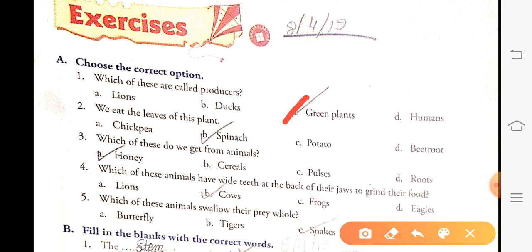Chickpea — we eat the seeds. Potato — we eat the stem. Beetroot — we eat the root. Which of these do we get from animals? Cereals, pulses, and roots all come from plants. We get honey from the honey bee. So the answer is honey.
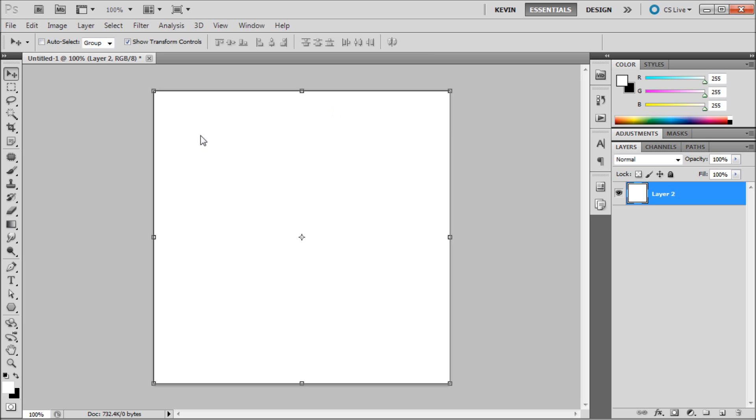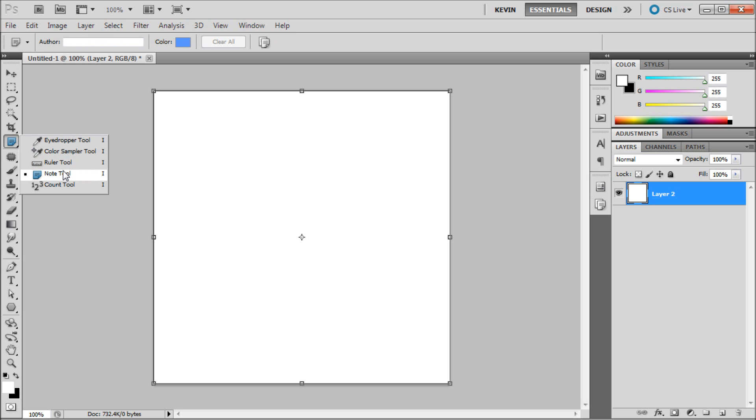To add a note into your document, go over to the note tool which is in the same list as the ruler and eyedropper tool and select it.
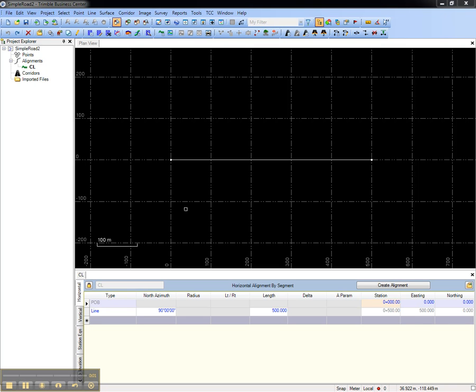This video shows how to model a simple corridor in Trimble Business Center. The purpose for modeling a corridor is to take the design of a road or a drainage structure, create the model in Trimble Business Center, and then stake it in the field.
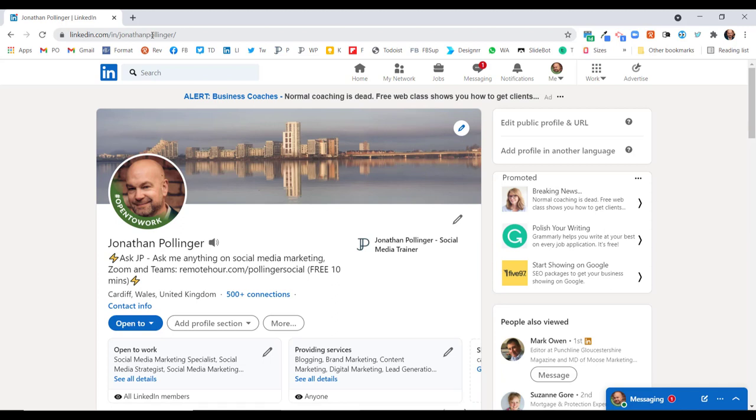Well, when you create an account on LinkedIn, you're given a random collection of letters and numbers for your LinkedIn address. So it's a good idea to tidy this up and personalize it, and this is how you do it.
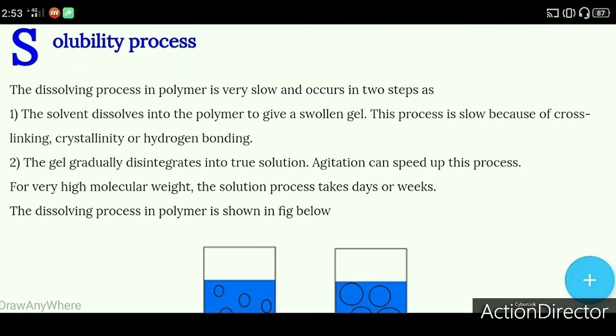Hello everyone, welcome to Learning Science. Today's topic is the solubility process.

•••••

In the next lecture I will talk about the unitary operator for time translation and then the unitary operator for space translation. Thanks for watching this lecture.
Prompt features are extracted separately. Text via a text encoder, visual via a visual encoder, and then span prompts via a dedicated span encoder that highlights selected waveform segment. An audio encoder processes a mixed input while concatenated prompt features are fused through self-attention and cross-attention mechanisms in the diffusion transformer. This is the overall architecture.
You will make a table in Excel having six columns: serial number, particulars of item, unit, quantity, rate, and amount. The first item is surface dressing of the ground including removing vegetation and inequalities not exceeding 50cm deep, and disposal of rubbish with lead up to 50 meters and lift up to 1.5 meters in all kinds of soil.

•••••

TASK:
Above are some records; extract exactly the lines from the one containing "Well, when you" through the one containing "Hello everyone, welcome" and drop the pictures.

SOLUTION FOR THIS PROBLEM:
Well, when you create an account on LinkedIn, you're given a random collection of letters and numbers for your LinkedIn address. So it's a good idea to tidy this up and personalize it, and this is how you do it.
Hello everyone, welcome to Learning Science. Today's topic is the solubility process.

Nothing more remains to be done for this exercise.